(Pocket-lint) - On the outside the Sony Atrac3Plus D-NE511 looks like any other CD player circa three years ago. There are numerous buttons on the front, a two-line LCD screen and the usual d-pad for playing skipping and stopping the tracks. For the fashion-conscious the player comes in three different colours; blue, red and silver and to the unaware, most people will believe that you are carrying around a slightly larger than usual CD Walkman.
Of course in reality this is far from the truth. The CD player not only has the capability to play the standard Compact Disc but also CD’s holding up to 490 music tracks that you’ve burnt using your PC and the provided software.
With this knowledge, the numerous buttons that looked like they were they to confuse spring into purpose offering access to album folders and individual track detail.
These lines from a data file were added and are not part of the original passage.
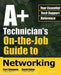 A+ Technician's On-The-Job Guide to Networking by Curt Simmons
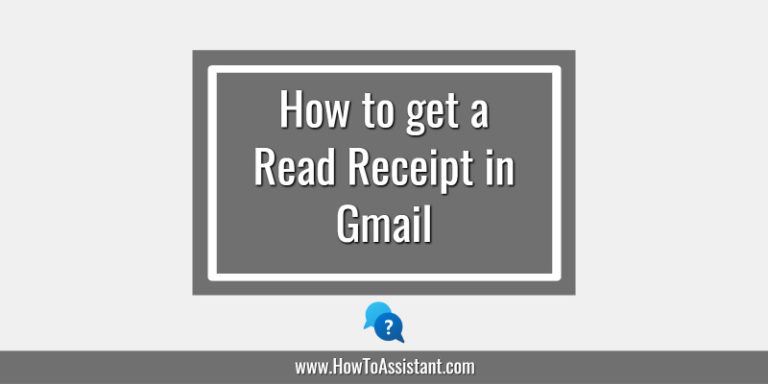 How to get a Read Receipt in Gmail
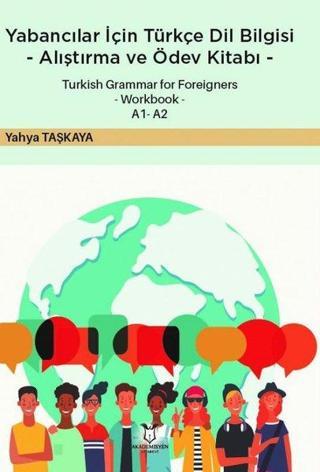 Yabancılar için Türkçe Dil Bilgisi - Alıştırma ve Ödev Kitabı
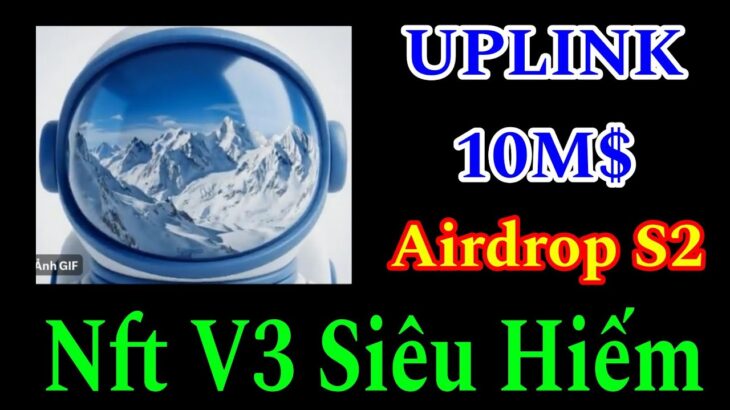 UPLINK 10M$ – RA MẮT NFT V3 SIÊU HIẾM GIÁ TRỊ CAO AIRDROP ĂN CHẮC 2026 @Kiem_Tien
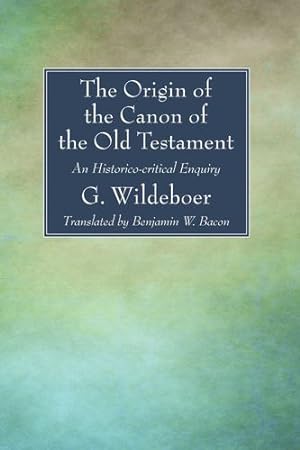 Bild des Verkufers fr The Origin of the Canon of the Old Testament: An Historico-Critical Enquiry [Soft Cover ] zum Verkauf von booksXpress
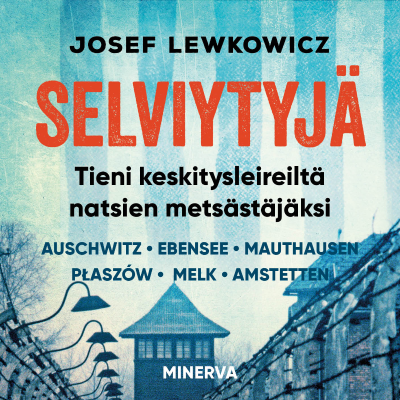 Cover image Selviytyjä – Tieni keskitysleireiltä natsien metsästäjäksi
The Walkman is powered by two AA batteries that sit snugly within the player and Sony’s anti-shock system - G-Protection saves on the skipping when you’re out and about.
Using Sony’s proprietary software - SonicStage Simple Burner - tracks can be burnt on the CD-R/RW in either Sony’s ATRAC3plus (Adaptive Transform Acoustic Coding3plus) or ATRAC3 (Adaptive Transform Acoustic Coding3) formats.
Taking either CD or MP3 files - you cannot burn any other formats - tracks can be compressed by up to 1/20th of their original size depending on the quality setting you chose. Music can be burned and compressed to 132, 105, 66, 64 or 48 kbps (kilobits per second) and compressing at 48 kbps, can record up to 490 songs on a 700Mb disc. Track information is provided via an internet connection to Gracenote CDDB before burning and this information will then appear on the LCD display when you play the track.
Overall this is a great idea that not only works, but beats the large storage MP3 players at their own game. With this player you can have an endless amount of CDs all with numerous tracks on them without the worry of running out of storage space. Sound obviously varies according to the level at which you record it. CD quality MP3s are normally recorded at 128kbps, and at this ratio you are still able to get some 170/180 tracks per CD, slightly more than the 13 or 14 you normally find.
So where's the catch? Sony, being Sony can't just deal with adopting anyone else's format technology or using anyone else's software and so all files that you record not have to be transferred using the Sony software included, but also have to be saved into the ATRAC3 format. Furthermore unless the files are in the MP3 format or on a CD you've put in your burner you won't be able to add them to the track listing to record them.
While this reliance on Sony will be annoying to some, it doesn't take away the fact that you've got a great music player that produces very good music for a very affordable price.